Programme no. 554-P
Professional Development
General Practitioners’ perceptions and assessments of Self-Care Ability in Patients with Multimorbidity and difficulties in Disease Management
Mads Toft Kristensen*1, Bibi Hølge-Hazelton2, Ann Dorrit Guassora3, Frans Boch Waldorff4
1The Research Unit and Section of General Practice,Department of Public Health, University of Copenhagen,Copenhagen,Denmark, 2Roskilde/Koege Hospitals,Roskilde,Denmark;The Research Unit and Section of General Practice,Department of Public Health, University of Copenhagen,Copenhagen,Denmark, 3The Research Unit and Section of General Practice,Department of Public Health, University of Copenhagen,Copenhagen,Denmark, 4The Research Unit of General Practice,Department of Public Health, University of Southern Denmark,Odense,Denmark;The Research Unit and Section of General Practice,Department of Public Health, University of Copenhagen,Copenhagen,Denmark
* = Presenting author
Objectives: To explore GPs’ perceptions of and experiences with assessment of self-care ability in patients with multimorbidity and difficulties in disease management in relation to stratification.

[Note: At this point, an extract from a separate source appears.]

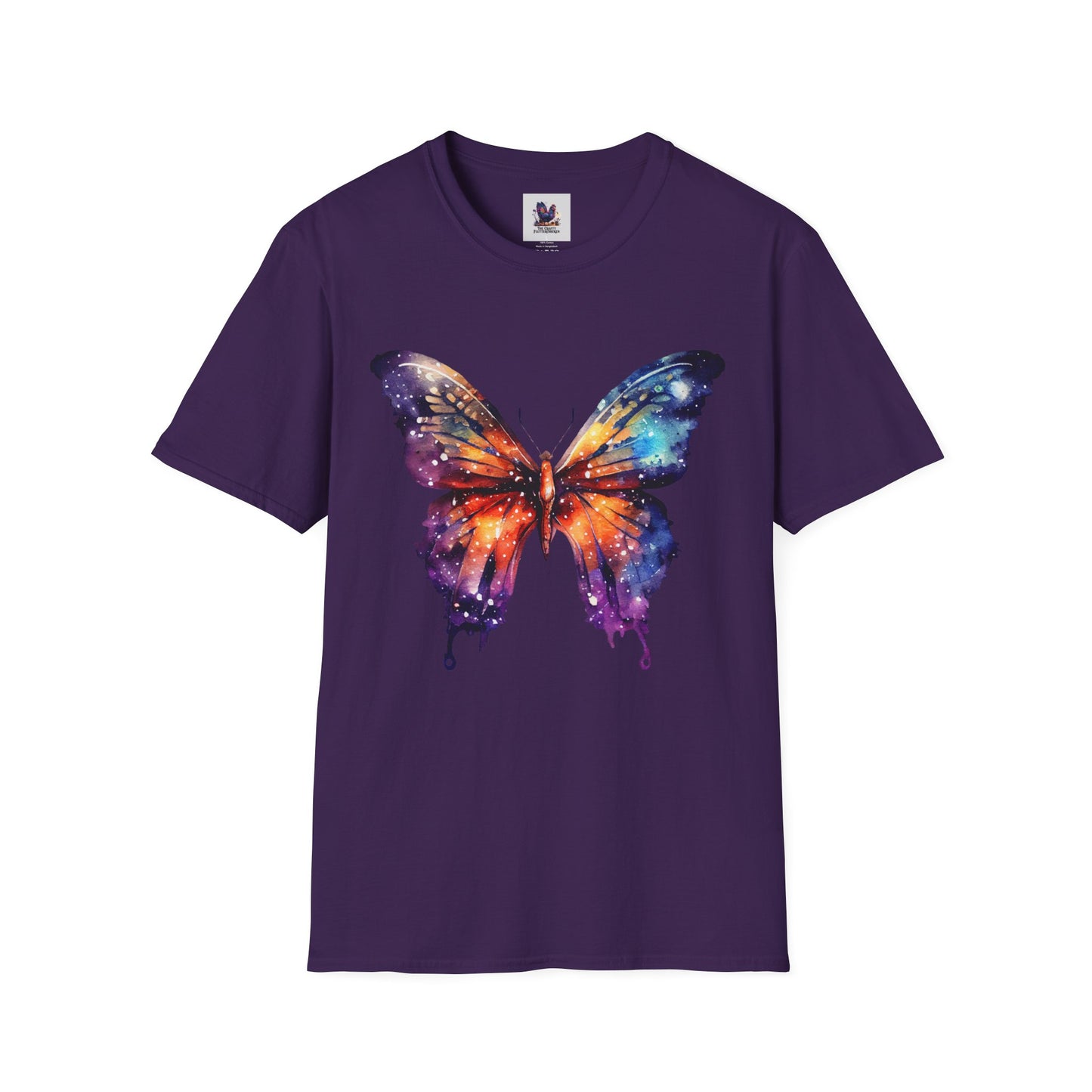 Colorful Space Butterfly Art Unisex Softstyle T-Shirt, Colorful Tee, Nature-Inspired Apparel, Cute Graphic Shirt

Background: Disease Management Programs (DMPs) have been developed for the major chronic diseases in Denmark. They include a description of the entire treatment process, evidence-based recommendations, a precise description of task responsibility and coordination among all involved actors. A cornerstone in the DMPs is stratification of the patients upon disease complexity and self-care ability. It is performed by the responsible physician, who thereby determines how and where the treatment should take place. There is only sparse knowledge about the General Practitioners’ (GPs’) perceptions of assessing self-care ability according to the DMPs and how it is managed in patients with multimorbidity.
Results: Preliminary results of the analysis of interviews will be presented.
Material/Methods: The experiences are collected by individual, semi-structured interviews with 10-15 GPs reflecting on patient cases. The interviews will be analyzed using a combination of data driven methods and theory.
Conclusion: Our preconception is that GPs’ evaluation of self-care ability in stratification is unsystematic because self-care is not defined in the DMPs We do, however, expect that GPs make their own evalutations of self-care and a suggestion for a general practice model of self-care will be made.
Points for discussion: How should GPs assess self-care in patients with multimorbidity and difficulties in disease management? Is current care for patients with multimorbidity and low self-care ability adequate?